Cunobelinus had three sons, Adminius, Togodumnus and Caratacus, and a brother, Epaticcus, known to history. Epaticcus expanded his influence into the territory of the Atrebates in the early 20s, taking the Atrebatan capital Calleva (Silchester) by about 25. He continued to expand his territory until he died at about 35 when Caratacus took over from him and the Atrebates recovered some of their territories.

Adminius, judging by his coins, had control of Kent by this time. Suetonius tells us that in about 40, he was banished from Britain by his father and sought refuge with the emperor Caligula. Caligula treated this as if the entire island had submitted to him and prepared an invasion of Britain. He abandoned it, however, in farcical circumstances by ordering his soldiers to attack the waves and gather seashells as the spoils of victory.

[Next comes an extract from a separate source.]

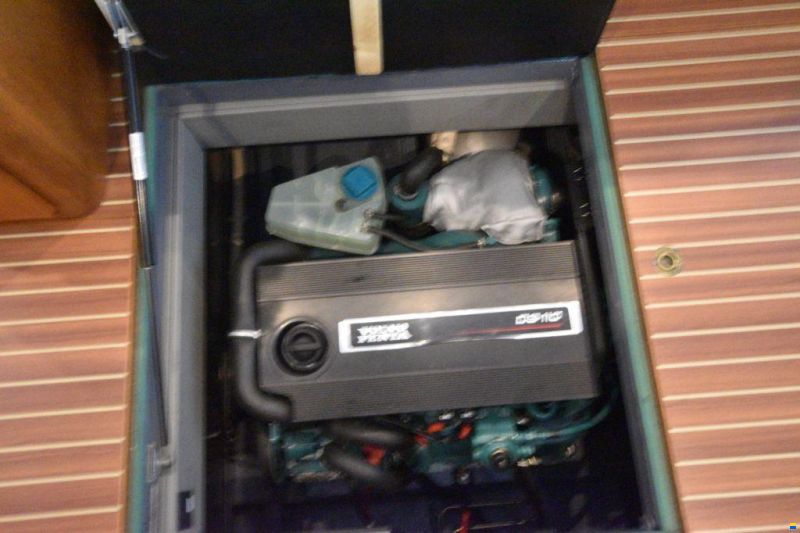 Brandsma Vlet 1000 OK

Cunobelinus died about 40, probably within a year of that date. Indeed, he was dead by 43. The Lexden Tumulus on the outskirts of Colchester has been suggested as his tomb (although the earlier Trinovantian king Addedomarus is another candidate for its occupant). Caratacus completed the conquest of the Atrebates, and their king, Verica, fled to Rome, providing the new emperor, Claudius, with a pretext for the conquest of Britain. Caratacus and Togodumnus led the initial resistance to the invasion. Dio Cassius tells us that the "Bodunni", a tribe who were tributary to the Catuvellauni, changed sides and supported the Romans. This is probably a misspelling of the Dobunni of Gloucestershire, indicating that Cunobelinus's hegemony extended beyond the West Country.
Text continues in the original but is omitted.